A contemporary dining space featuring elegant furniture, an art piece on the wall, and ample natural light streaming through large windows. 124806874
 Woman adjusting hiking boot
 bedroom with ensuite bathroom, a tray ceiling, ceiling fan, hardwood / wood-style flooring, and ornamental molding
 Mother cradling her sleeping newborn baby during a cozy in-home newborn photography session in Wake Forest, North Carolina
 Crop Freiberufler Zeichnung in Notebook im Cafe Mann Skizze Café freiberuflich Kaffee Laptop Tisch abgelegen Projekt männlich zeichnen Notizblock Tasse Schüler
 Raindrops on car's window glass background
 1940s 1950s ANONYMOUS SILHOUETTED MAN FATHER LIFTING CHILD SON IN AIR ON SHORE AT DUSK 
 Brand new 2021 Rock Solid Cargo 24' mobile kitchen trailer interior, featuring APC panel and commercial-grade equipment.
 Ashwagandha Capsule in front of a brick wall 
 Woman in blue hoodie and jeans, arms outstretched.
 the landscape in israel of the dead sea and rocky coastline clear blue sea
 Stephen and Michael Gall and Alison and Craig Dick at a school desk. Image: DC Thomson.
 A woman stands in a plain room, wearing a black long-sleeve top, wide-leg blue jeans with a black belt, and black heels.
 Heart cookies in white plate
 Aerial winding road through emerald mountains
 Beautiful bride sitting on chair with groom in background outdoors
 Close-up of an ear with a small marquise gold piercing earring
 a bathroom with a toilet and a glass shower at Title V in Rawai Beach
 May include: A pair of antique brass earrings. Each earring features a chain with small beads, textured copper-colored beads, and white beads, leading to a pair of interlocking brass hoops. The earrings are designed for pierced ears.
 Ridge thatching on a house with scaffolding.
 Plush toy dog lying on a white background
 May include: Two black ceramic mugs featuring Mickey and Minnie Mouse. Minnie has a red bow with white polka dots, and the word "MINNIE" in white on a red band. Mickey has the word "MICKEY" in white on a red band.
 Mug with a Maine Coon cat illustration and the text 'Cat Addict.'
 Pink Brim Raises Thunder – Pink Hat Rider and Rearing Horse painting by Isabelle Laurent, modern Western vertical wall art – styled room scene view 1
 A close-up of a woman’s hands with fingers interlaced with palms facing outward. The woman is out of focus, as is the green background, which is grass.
———
What you need to do: Can you write out the lines above, from the first one through the one containing "the landscape in", exactly as they appear and nothing more?

Task solution:
A contemporary dining space featuring elegant furniture, an art piece on the wall, and ample natural light streaming through large windows. 124806874
 Woman adjusting hiking boot
 bedroom with ensuite bathroom, a tray ceiling, ceiling fan, hardwood / wood-style flooring, and ornamental molding
 Mother cradling her sleeping newborn baby during a cozy in-home newborn photography session in Wake Forest, North Carolina
 Crop Freiberufler Zeichnung in Notebook im Cafe Mann Skizze Café freiberuflich Kaffee Laptop Tisch abgelegen Projekt männlich zeichnen Notizblock Tasse Schüler
 Raindrops on car's window glass background
 1940s 1950s ANONYMOUS SILHOUETTED MAN FATHER LIFTING CHILD SON IN AIR ON SHORE AT DUSK 
 Brand new 2021 Rock Solid Cargo 24' mobile kitchen trailer interior, featuring APC panel and commercial-grade equipment.
 Ashwagandha Capsule in front of a brick wall 
 Woman in blue hoodie and jeans, arms outstretched.
 the landscape in israel of the dead sea and rocky coastline clear blue sea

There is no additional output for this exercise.